EcomBuddys (“Company”), a business entity providing eCommerce solutions, with its principal place of business in India, and the Recipient (“Recipient”), including but not limited to employees, contractors, partners, or third-party service providers.

 

  1. PURPOSE The Company and the Recipient wish to discuss and engage in business transactions related to eCommerce services, which may involve sharing confidential and proprietary information.

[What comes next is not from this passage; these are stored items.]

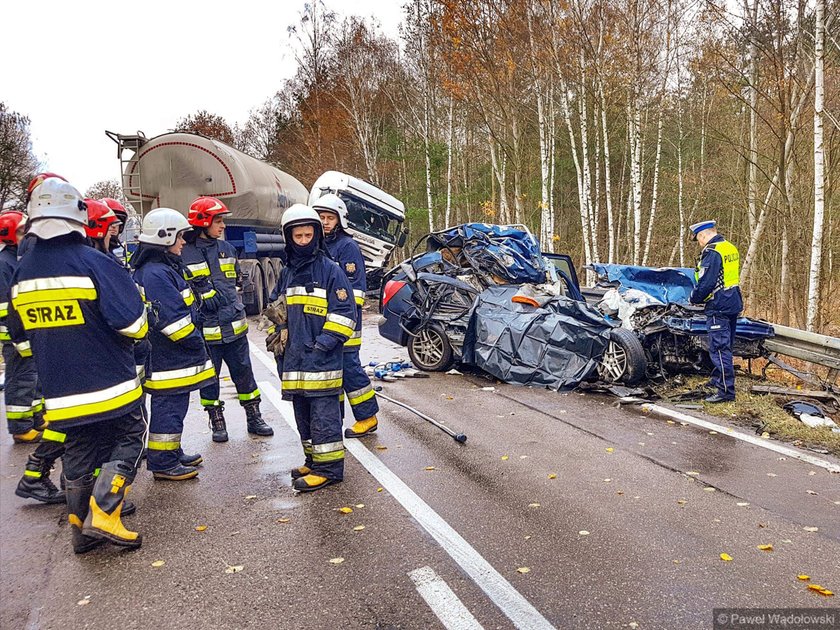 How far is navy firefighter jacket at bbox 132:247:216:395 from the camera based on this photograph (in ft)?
13.3

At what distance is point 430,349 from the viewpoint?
7902 millimetres

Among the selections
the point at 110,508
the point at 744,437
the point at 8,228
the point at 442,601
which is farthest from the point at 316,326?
the point at 744,437

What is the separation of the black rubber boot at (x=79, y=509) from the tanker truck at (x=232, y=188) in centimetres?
772

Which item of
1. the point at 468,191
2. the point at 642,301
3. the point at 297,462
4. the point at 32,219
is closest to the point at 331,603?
the point at 297,462

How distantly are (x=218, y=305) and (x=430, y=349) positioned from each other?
133 inches

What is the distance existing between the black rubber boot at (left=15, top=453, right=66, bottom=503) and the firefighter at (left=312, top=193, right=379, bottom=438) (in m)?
2.20

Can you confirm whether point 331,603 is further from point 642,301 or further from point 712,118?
point 712,118

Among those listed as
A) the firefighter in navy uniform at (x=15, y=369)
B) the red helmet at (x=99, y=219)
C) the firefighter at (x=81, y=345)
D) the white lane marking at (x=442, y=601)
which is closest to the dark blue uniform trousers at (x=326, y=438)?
the firefighter at (x=81, y=345)

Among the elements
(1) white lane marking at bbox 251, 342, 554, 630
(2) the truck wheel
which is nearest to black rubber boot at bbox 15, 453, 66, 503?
(1) white lane marking at bbox 251, 342, 554, 630

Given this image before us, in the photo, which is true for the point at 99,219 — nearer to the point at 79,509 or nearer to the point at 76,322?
the point at 76,322

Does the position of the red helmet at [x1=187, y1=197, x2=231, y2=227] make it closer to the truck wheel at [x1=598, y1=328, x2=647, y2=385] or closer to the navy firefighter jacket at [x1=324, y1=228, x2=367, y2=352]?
the navy firefighter jacket at [x1=324, y1=228, x2=367, y2=352]

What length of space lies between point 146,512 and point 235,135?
2005 inches

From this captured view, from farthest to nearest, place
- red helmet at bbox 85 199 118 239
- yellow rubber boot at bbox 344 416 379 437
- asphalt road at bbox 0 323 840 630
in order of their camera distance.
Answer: yellow rubber boot at bbox 344 416 379 437 → red helmet at bbox 85 199 118 239 → asphalt road at bbox 0 323 840 630

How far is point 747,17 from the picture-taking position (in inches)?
404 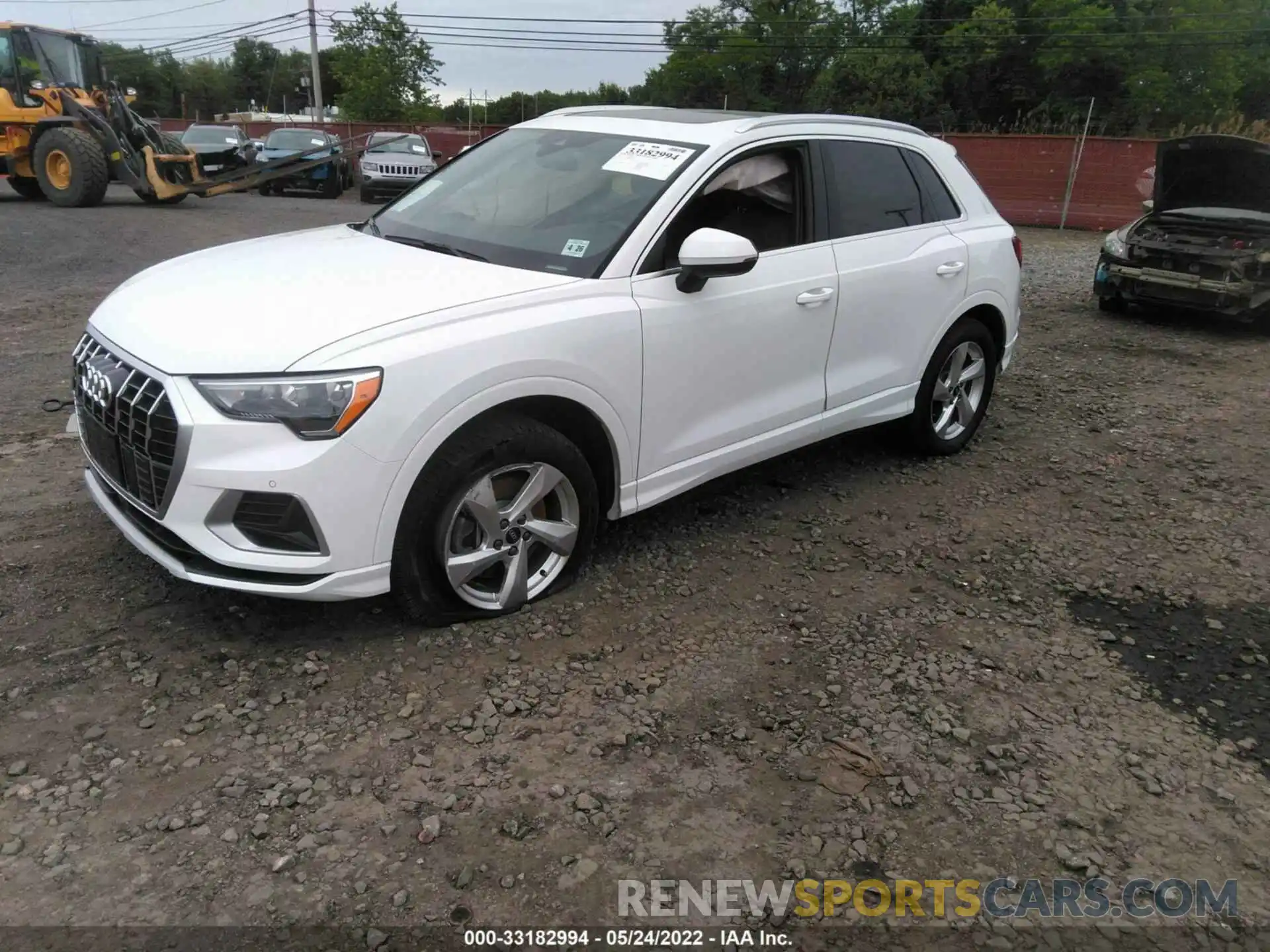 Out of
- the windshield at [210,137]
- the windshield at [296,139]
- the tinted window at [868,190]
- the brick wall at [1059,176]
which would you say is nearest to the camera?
the tinted window at [868,190]

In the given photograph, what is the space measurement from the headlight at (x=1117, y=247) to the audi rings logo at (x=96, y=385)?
9195 millimetres

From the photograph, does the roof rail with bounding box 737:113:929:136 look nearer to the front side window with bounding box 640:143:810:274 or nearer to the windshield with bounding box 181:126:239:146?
the front side window with bounding box 640:143:810:274

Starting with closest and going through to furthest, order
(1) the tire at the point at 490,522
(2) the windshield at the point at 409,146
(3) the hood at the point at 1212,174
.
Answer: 1. (1) the tire at the point at 490,522
2. (3) the hood at the point at 1212,174
3. (2) the windshield at the point at 409,146

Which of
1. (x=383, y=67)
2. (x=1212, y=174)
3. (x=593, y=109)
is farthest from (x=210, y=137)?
(x=383, y=67)

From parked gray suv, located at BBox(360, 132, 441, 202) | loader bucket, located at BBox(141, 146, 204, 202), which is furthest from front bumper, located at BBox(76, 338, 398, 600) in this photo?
parked gray suv, located at BBox(360, 132, 441, 202)

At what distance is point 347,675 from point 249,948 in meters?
1.06

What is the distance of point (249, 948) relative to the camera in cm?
211

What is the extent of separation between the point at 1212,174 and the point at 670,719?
8.77m

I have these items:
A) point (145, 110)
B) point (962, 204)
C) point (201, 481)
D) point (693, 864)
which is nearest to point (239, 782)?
point (201, 481)

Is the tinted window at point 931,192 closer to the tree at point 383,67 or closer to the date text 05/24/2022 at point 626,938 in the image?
the date text 05/24/2022 at point 626,938

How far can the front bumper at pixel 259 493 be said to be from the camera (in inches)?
110

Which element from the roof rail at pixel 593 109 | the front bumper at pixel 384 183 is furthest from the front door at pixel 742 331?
the front bumper at pixel 384 183

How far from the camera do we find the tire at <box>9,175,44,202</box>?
15.4m

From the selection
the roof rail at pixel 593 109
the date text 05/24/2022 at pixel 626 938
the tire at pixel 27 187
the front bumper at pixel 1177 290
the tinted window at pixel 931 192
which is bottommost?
the date text 05/24/2022 at pixel 626 938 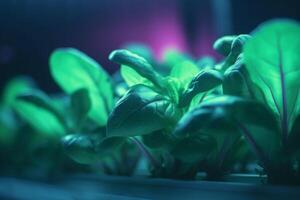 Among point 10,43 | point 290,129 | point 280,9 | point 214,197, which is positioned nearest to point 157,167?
point 214,197

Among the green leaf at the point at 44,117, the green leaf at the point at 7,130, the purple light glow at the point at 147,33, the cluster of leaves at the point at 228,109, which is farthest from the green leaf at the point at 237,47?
the purple light glow at the point at 147,33

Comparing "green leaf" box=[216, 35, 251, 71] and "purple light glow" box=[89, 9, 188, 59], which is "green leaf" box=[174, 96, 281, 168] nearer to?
"green leaf" box=[216, 35, 251, 71]

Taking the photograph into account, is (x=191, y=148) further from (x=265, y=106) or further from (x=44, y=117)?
(x=44, y=117)

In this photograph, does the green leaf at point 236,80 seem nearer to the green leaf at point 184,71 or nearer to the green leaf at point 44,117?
the green leaf at point 184,71

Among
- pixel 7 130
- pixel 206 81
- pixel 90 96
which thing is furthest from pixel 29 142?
pixel 206 81

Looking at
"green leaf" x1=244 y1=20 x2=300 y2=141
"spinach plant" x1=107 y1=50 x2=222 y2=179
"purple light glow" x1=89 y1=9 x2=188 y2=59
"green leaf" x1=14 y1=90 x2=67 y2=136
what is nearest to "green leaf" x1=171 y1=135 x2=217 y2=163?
"spinach plant" x1=107 y1=50 x2=222 y2=179

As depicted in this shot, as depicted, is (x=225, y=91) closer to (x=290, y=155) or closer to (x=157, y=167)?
(x=290, y=155) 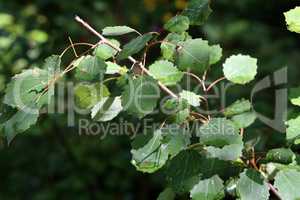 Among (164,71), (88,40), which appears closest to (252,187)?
(164,71)

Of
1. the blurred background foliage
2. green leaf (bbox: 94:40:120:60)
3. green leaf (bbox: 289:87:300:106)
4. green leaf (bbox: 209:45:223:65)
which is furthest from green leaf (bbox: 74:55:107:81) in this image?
the blurred background foliage

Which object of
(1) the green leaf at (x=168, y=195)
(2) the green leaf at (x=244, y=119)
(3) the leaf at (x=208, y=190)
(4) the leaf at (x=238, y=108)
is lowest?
(1) the green leaf at (x=168, y=195)

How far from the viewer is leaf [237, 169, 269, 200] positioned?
1.01m

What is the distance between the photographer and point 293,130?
42.6 inches

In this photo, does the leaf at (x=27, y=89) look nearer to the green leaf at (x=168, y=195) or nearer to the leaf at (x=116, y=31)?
the leaf at (x=116, y=31)

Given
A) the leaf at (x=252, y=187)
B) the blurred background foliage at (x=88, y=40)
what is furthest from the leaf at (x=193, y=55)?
the blurred background foliage at (x=88, y=40)

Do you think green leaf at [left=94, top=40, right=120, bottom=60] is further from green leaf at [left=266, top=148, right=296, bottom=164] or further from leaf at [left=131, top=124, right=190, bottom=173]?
green leaf at [left=266, top=148, right=296, bottom=164]

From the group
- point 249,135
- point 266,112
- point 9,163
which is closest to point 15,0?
point 9,163

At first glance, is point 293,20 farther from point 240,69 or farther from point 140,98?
point 140,98

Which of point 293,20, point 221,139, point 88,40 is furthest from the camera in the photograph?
point 88,40

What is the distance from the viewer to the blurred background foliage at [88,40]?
2672mm

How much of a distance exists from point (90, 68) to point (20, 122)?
0.52ft

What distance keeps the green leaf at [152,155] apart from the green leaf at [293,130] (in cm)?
24

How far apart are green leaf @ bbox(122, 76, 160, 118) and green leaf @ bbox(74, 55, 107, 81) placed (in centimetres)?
6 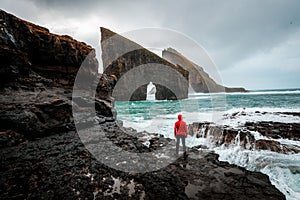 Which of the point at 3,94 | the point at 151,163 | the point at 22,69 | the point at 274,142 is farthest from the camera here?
the point at 22,69

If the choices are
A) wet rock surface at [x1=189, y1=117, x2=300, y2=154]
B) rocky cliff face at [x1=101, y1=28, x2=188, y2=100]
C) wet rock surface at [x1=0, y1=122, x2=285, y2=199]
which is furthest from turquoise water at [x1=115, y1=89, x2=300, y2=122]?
rocky cliff face at [x1=101, y1=28, x2=188, y2=100]

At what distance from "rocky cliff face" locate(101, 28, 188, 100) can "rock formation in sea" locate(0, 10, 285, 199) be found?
164 feet

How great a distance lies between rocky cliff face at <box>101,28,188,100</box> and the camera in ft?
212

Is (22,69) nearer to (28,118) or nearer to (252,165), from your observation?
(28,118)

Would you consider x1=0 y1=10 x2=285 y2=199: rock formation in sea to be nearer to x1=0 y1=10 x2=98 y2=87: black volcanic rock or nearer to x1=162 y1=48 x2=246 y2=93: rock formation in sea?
x1=0 y1=10 x2=98 y2=87: black volcanic rock

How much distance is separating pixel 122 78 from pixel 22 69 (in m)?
53.9

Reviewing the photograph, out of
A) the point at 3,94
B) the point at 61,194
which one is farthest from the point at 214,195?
the point at 3,94

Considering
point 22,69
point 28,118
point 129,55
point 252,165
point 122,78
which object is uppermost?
point 129,55

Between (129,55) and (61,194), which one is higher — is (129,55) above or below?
above

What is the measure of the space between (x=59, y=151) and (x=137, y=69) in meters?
60.8

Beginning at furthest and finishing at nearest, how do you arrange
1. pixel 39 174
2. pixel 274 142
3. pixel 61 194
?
pixel 274 142 < pixel 39 174 < pixel 61 194

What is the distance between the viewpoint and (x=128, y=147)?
348 inches

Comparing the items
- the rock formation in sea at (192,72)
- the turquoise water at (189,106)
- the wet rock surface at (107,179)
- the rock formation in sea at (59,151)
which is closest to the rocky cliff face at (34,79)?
the rock formation in sea at (59,151)

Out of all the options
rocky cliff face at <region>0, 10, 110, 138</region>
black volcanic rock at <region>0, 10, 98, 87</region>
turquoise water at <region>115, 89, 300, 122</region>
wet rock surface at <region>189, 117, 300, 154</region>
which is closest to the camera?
wet rock surface at <region>189, 117, 300, 154</region> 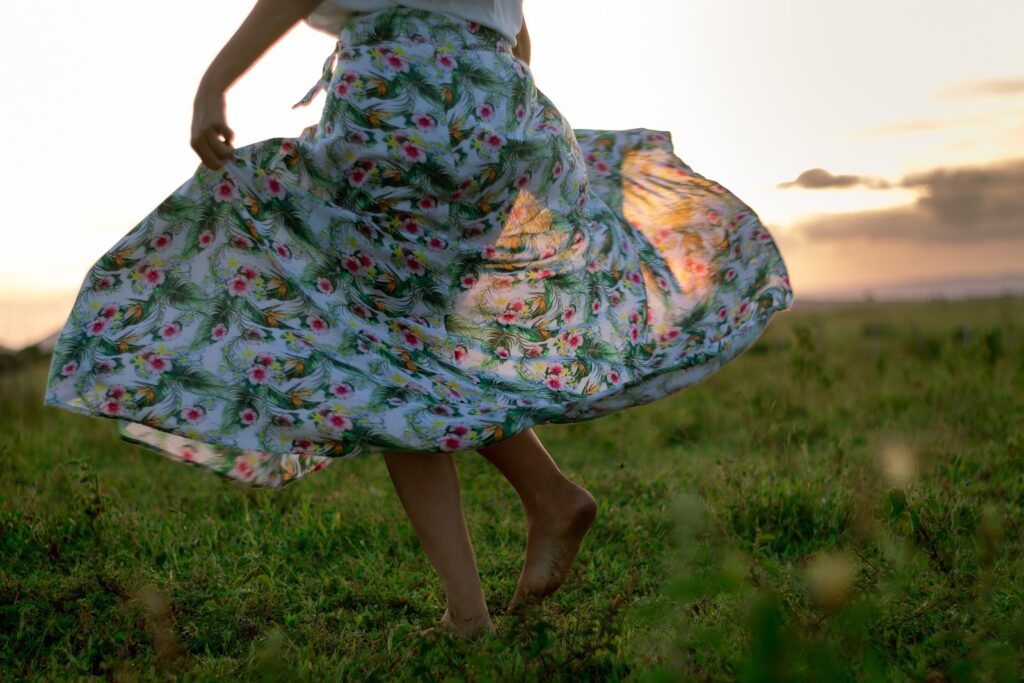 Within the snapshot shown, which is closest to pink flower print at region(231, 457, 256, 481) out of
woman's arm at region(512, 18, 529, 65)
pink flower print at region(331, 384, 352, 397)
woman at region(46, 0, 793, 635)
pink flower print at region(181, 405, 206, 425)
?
woman at region(46, 0, 793, 635)

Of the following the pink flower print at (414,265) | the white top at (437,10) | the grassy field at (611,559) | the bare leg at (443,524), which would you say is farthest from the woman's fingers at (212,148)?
the grassy field at (611,559)

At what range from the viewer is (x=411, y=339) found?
2510mm

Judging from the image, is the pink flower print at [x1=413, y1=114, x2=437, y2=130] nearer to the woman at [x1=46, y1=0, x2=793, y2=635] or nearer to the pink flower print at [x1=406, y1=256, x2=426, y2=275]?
the woman at [x1=46, y1=0, x2=793, y2=635]

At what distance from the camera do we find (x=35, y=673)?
2.53 m

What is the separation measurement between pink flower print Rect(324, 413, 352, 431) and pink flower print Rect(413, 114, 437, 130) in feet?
2.28

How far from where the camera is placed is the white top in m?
2.45

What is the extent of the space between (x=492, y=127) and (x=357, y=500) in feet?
6.23

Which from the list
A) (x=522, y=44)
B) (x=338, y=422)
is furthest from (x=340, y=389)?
(x=522, y=44)

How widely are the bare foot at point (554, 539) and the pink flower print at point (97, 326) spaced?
1178 mm

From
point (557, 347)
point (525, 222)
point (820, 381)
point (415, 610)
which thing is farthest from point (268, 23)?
point (820, 381)

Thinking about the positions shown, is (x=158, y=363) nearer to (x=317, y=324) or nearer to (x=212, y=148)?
(x=317, y=324)

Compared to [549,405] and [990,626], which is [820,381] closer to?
[990,626]

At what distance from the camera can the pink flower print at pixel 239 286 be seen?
2.44 metres

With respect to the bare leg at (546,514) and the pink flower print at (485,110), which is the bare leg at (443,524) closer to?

This Agreement sets forth the obligations of the Recipient regarding the protection and non-disclosure of such information.

 

  1. DEFINITION OF CONFIDENTIAL INFORMATION Confidential Information includes, but is not limited to:
  • Business strategies, marketing plans, pricing models, and financial data.
  • Customer lists, vendor information, and sales data.
  • Platform access credentials, operational processes, and proprietary systems.
  • Any information designated as “Confidential” by the Company.

 

  1. OBLIGATIONS OF THE RECIPIENT The Recipient agrees to:
  • Maintain the confidentiality of all disclosed information.
  • Use the Confidential Information solely for business purposes with the Company.
  • Do not disclose, distribute, or reproduce the information without prior written consent from the Company.
  • Take reasonable steps to prevent unauthorized access to Confidential Information.

 

  1. BUSINESS ACCESS USAGE The Recipient acknowledges that any access to business platforms (Amazon, Flipkart, Shopify, WooCommerce, etc.), accounts, or sensitive data is strictly for authorized activities related to the Company’s services. Any misuse, unauthorized changes, or breaches will result in immediate termination of access and potential legal action.

 

  1. LOSS OF BUSINESS OR DAMAGES The Recipient acknowledges that:
  • Any unauthorized disclosure or misuse of Confidential Information may cause the Company significant financial and reputational harm.
  • If the Recipient’s actions lead to business losses, financial penalties, or account suspensions, the Recipient may be held liable for damages, including legal fees.
  • Any direct or indirect solicitation of Company clients by the Recipient without prior written consent shall be considered a breach of this Agreement.

 

  1. EXCLUSIONS FROM CONFIDENTIALITY Confidential Information does not include:
  • Information that becomes publicly available without breach of this Agreement.
  • Information lawfully obtained from a third party without confidentiality obligations.
  • Information independently developed by the Recipient without reference to the Company’s Confidential Information.

 

  1. TERM & TERMINATION
  • This Agreement is effective from the Effective Date and will remain in force indefinitely unless terminated in writing by both parties.
  • The Recipient’s obligation to maintain confidentiality will survive termination of this Agreement.

 

  1. RETURN OR DESTRUCTION OF INFORMATION Upon termination or at the Company’s request, the Recipient must return or destroy all Confidential Information, including electronic copies.

 

  1. GOVERNING LAW & DISPUTE RESOLUTION This Agreement shall be governed by the laws of India. Any disputes arising from this Agreement shall be resolved through arbitration or in the courts of India.

 

  1. MISCELLANEOUS
  • This Agreement does not grant the Recipient any rights, licenses, or ownership of the Confidential Information.
  • No waiver or modification of this Agreement shall be valid unless in writing and signed by both parties.
  • If any provision of this Agreement is found invalid, the remaining provisions shall remain in full force and effect.

IN WITNESS WHEREOF, the parties to this Agreement have executed it as of the Effective Date.